Since 2016, there have been over 100 reported allegations a year.
But the report says that abuse was "swept under the carpet" and that "resistance to external investigation was widespread", meaning that "true scale of child sexual abuse is likely to be greater than these figures".
It also accuses the Church of failing to support victims while instead seeking to protect perpetrators.
"The evidence in this investigation has revealed a sorry history of child sexual abuse in the Roman Catholic Church in England and Wales," the report said.
"There have been too many examples of abusive priests and monks preying on children for prolonged periods of time.
"Responses to disclosures about sexual abuse have been characterised by a failure to support victims and survivors in stark contrast to the positive action taken to protect alleged perpetrators and the reputation of the Church."
Elsewhere, the report says that "little progress has been made to ensure that victims and survivors have access to the pastoral and therapeutic support".
The report does not spare Catholic leader Cardinal Vincent Nichols, who stands accused of failing to show compassion towards victims.
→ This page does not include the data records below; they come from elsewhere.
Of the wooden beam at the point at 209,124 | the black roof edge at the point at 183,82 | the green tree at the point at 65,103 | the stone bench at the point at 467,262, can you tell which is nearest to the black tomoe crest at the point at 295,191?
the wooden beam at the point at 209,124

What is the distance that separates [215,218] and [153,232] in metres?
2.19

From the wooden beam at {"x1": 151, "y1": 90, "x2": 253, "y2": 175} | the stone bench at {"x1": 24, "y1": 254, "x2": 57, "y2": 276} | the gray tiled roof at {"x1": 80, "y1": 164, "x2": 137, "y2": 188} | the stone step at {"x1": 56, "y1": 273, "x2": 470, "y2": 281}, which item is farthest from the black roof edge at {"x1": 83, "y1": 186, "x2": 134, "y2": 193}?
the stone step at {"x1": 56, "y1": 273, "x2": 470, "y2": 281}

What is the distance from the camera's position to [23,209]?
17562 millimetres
"As the figurehead and the most senior leader of the Roman Catholic Church in England and Wales, Catholics look to Cardinal Nichols to lead by example," IICSA said.
"During the final public hearing in November 2018, he apologised for the Church's failings, noting that this was a source of 'great sorrow and shame for me and, indeed I know, for the Catholic Church'.
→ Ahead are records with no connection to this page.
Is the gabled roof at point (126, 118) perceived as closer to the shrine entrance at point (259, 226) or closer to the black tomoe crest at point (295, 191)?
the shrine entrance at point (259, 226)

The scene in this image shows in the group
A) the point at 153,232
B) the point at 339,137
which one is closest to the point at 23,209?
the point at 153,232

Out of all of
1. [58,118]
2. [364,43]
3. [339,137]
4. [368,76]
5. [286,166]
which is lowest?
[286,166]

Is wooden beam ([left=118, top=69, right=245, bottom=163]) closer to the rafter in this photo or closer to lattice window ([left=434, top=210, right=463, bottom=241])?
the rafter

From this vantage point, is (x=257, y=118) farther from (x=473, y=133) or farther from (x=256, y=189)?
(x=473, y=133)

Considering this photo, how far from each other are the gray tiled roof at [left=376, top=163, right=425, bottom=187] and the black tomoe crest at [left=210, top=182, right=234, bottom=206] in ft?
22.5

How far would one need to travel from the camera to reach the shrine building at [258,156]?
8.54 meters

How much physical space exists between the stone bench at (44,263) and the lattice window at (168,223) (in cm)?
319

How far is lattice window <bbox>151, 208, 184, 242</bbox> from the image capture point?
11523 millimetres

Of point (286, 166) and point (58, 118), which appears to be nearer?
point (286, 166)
"But there was no acknowledgement of any personal responsibility to lead or influence change. Nor did he demonstrate compassion towards victims in the recent cases which we examined."
It added: "His acknowledgement that 'there is plenty for us to achieve' applies as much to him as it does to everyone else in the Church.
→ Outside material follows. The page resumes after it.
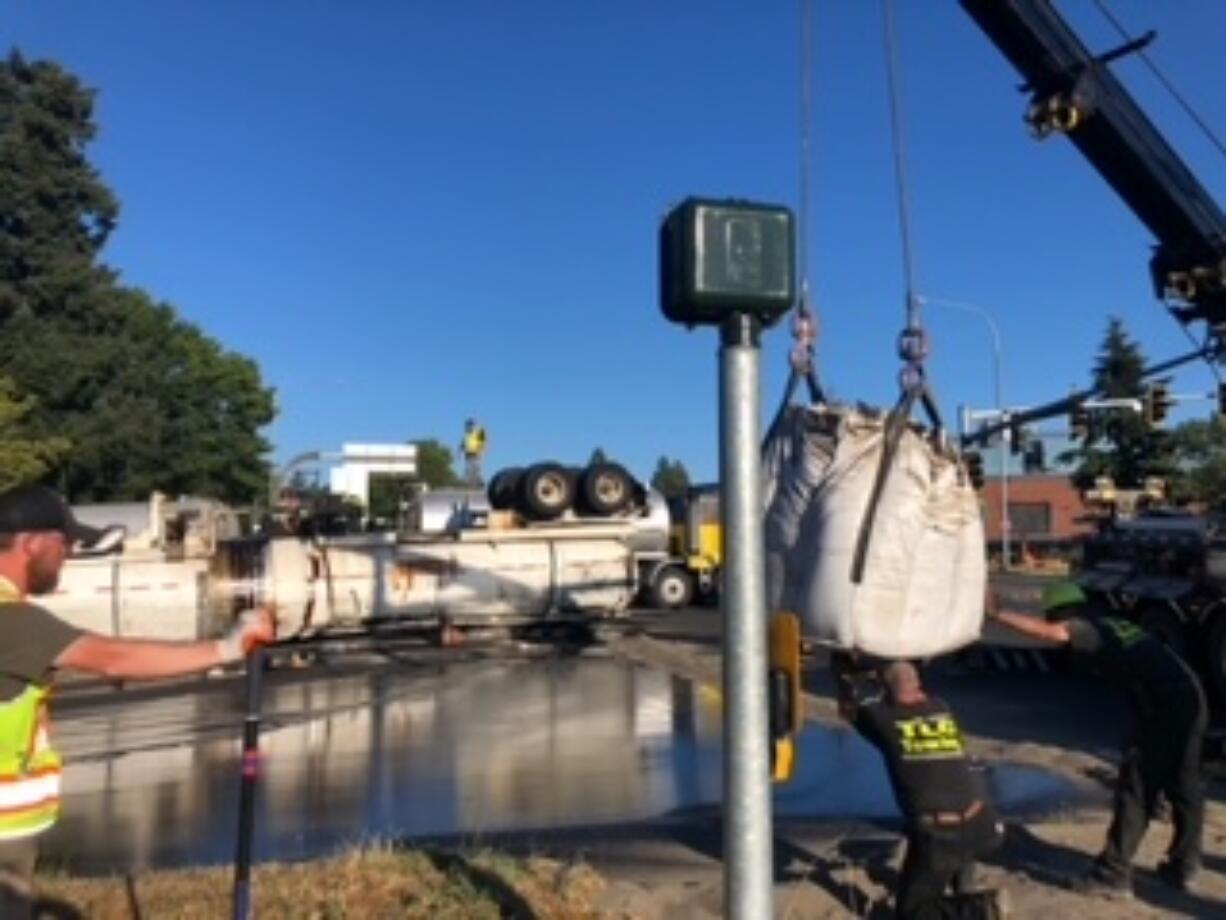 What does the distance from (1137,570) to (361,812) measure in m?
10.5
"He did not always exercise the leadership expected of a senior member of the Church, at times preferring to protect the reputation of the Roman Catholic Church in England and Wales and in Rome."
Commenting on the findings, Professor Alexis Jay OBE, Chair of the Inquiry, said: "For decades, the Catholic Church's failure to tackle child sexual abuse consigned many more children to the same fate.
"It is clear that the Church's reputation was valued above the welfare of victims, with allegations ignored and perpetrators protected.
"Even today, the responses of the Holy See appear at odds with the Pope's promise to take action on this hugely important problem.
"While some progress has been made, there still needs to be lasting change to culture and attitudes to avoid repeating the failures of the past."
Responding to the report, Cardinal Nichols and Malcolm McMahon, Vice-President of the Catholic Bishops' Conference of England and Wales, said: "We apologise to all victims and survivors who have not been properly listened to, or properly supported by us.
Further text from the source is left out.